Having been around for well over a decade, the Blu-ray format is finally producing titles that we’ve been waiting to put on our shelves for a very long time.
The Day of The Jackal is one of the ultimate political thrillers, finally available on Blu-ray in North America. It’s visceral sense of realism is rarely seen in cinema and has been the standard bearer in this genre for nearly 45 years.
It’s August 1962 and the latest attempt on the life of French President Charles de Gaulle by the far right paramilitary organization, the OAS finds a way to end in chaos. Its architect-in-chief is dead at the hands of a firing squad and the OAS finds themselves totally demoralized and on the verge of bankruptcy, so as their leaders meet in secret to plan their next move they know that they’ve only got one move left. In a last desperate effort to eliminate de Gaulle, they opt to go outside of their organization and hire a professional assassin. Enter The Jackal (Edward Fox); at first glance a charismatic man, but also calculating and as cold as ice when it comes to the job at hand. As the Jackal closes in on his ultimate target, a race against the clock is underway to identify and put to a stop a killer whose identity and methods are not only unknown, but could change at any given time.
This film truly is the epitome of exciting filmmaking as it all plays out in such a simple, near documentary like style and it puts us into the belly of this high octane chase. For the political thriller, The Day of the Jackal is the bench mark that everyone else has been judged by.
Adapted from the bestselling novel from by Fredrick Forsyth, the script by Kenneth Ross has a sense of vitality to it as nothing ever plays out in any kind of grand set piece or moments, it instead just takes us on a steady stream down the rabbit hole of the narrative. Ross keeps the material grounded and it always feels like you’re watching something real from beginning to end which is a challenge while you’re making something when essentially your audience knows the ending.
Coming off of a seven year hiatus, director Fred Zinnemann had to be feeling just a tiny bit of pressure to see that he still had what it takes after a long and illustrious career but he showed out and then some delivering a self assured piece of cinema that is no surprise from a man whose oeuvre includes the likes of From Here To Eternity and High Noon. In many ways this film really does feel like an extension of High Noon as it slowly bathes itself in the tension of the situation and getting to shoot in places like the French Ministry of Interior and getting extreme close ups of the 14 of July parade made this all feel like something genuine that had never been seen on screen before and only adding to the films authenticity.
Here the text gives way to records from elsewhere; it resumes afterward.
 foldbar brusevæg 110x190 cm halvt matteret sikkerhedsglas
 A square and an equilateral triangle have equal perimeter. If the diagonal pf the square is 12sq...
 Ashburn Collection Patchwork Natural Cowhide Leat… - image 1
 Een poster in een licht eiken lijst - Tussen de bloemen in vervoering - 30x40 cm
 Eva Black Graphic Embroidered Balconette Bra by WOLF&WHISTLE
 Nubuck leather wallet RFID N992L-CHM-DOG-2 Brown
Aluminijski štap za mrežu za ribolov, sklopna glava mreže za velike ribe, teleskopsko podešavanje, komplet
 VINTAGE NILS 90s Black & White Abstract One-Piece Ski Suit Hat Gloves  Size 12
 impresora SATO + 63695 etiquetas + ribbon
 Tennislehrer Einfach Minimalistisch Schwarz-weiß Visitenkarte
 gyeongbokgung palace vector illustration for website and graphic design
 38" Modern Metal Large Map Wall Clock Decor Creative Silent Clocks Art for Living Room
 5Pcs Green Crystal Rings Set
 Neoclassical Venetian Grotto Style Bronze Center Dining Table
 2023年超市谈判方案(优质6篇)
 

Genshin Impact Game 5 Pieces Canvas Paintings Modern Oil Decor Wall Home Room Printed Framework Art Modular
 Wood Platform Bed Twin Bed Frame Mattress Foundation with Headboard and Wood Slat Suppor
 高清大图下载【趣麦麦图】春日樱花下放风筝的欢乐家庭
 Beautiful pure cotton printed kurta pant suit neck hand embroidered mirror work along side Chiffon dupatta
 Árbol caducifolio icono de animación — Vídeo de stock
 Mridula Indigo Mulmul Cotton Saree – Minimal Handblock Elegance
In spite of a loaded ensemble of actors to play with like Michael Lonsdale, Derek Jacobi and Cyril Cusack, this film thrives and survives even to this day on the performance by Edward Fox. Here in one of his first leading roles he commands every frame of the screen with such a minimalist sense of dread and it works so damn well. It’s not a character that is supposed to be larger than life or grandiose, he has to slink into the background one minute, then shoot a murderous glare at you the second. He makes the character so damn compelling because he’s such a chameleon through it all and it’s a masterful performance that anchors the entire film.
Finally available in North America thanks to Arrow Video, the special features here on The Day of the Jackal are a little sparse and basic but they aren’t without some value.
- The film is finally presented in 1080p resolution which looks quite good. It’s nothing that will blow home theatre aficionados out of the water but it’s clear and well balanced, with an uncompressed mono audio track.
- 36 minute interview with Neil Sinyard; the author of Fred Zinnemann: Films of Character and Conscience – This is actually a pretty solid piece as it really does get into the head of Zinnemann as a storyteller and looking at the elements of the story and how they’ve sustained over all these years, especially the issues of conscience which are so key and how they play opposite the character of ‘The Jackal’.
- EPK feature offering a behind the scenes look at the film shot on set which is pretty generic and just looks at some of the parade scenes and how they shot some of the larger crowd scenes in the film and it’s under three minutes.
- On-set interview with Fred Zinnemann in French. It’s short but still interesting to see this behind the scenes talk during the making of the film, also under three minutes.
- Original screenplay by Kenneth Ross is accessible via BD-ROM
- Priginal theatrical trailer which is clean but hasn’t had any restoration work on it.
- Reversible Sleeve featuring Original and newly commissioned artwork by Peter Strain.
Based on the quality of the film alone, The Day Of The Jackal is more than ‘Shelf’ worthy because even though the extras are a little thin, it is a master stroke of cinema that deserves to be seen again and again.